Nevada celebrates Flag Day as U.S. Army reaches 243rd birthday
Nevada celebrated Flag Day on Thursday, the 243rd anniversary of the creation of the U.S. Army, with remarks from decorated Army Col. Cory Schulz and Iraq veteran and head of Nevada’s Department of Emergency Management Caleb Cage.
Schulz referred to the current acrimony surrounding the flag saying it’s not his place to comment on those beliefs.
“I’ve sworn to lay down my life to protect those beliefs,” he said.
He described the flag as “a symbol of promise not perfection, a symbol of the ideals of the United States of America, a symbol of the promise that all men are created equal.”
“To me it represents honor, freedom and promise,” Schulz told a gathering of nearly 100 in front of the veterans memorial behind the Capitol.
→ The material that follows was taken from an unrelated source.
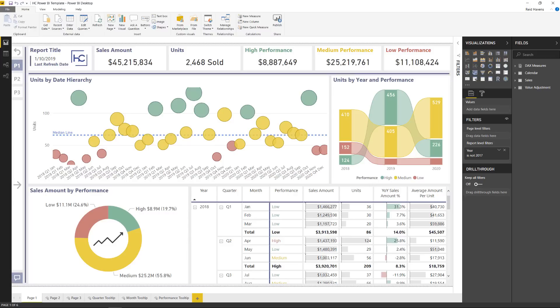Hey everyone, Reid here from the Havens Consulting YouTube channel. For those not familiar with me, I'm a Microsoft MVP with Power BI and I'm collaborating with Parker to do some guest posts between our channels.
Cage said when he was in Iraq, returning to their small base after several days in the field, the sight of the flag was, “a symbol of the unity of effort, a symbol of who was on your team and a symbol of who would have your back, that our imperfect nation is worth fighting for.”
“This flag represents the principles that unite us and define us,” Cage said.
The ceremony also featured a presentation and description of the five flags that have flown over the U.S. starting with the British flag and including the Betsy Ross flag before reaching Old Glory, the pattern now used.
In addition, on display was the first 36-star American flag to fly over Nevada that was raised above Fort Ruby in Elko County the day Nevada was admitted to the union Oct. 31, 1864.
Guy Clifton of the Department of Tourism and Cultural Affairs said that hand-painted flag is one of the irreplaceable artifacts stored in the underground vault in the state Archives.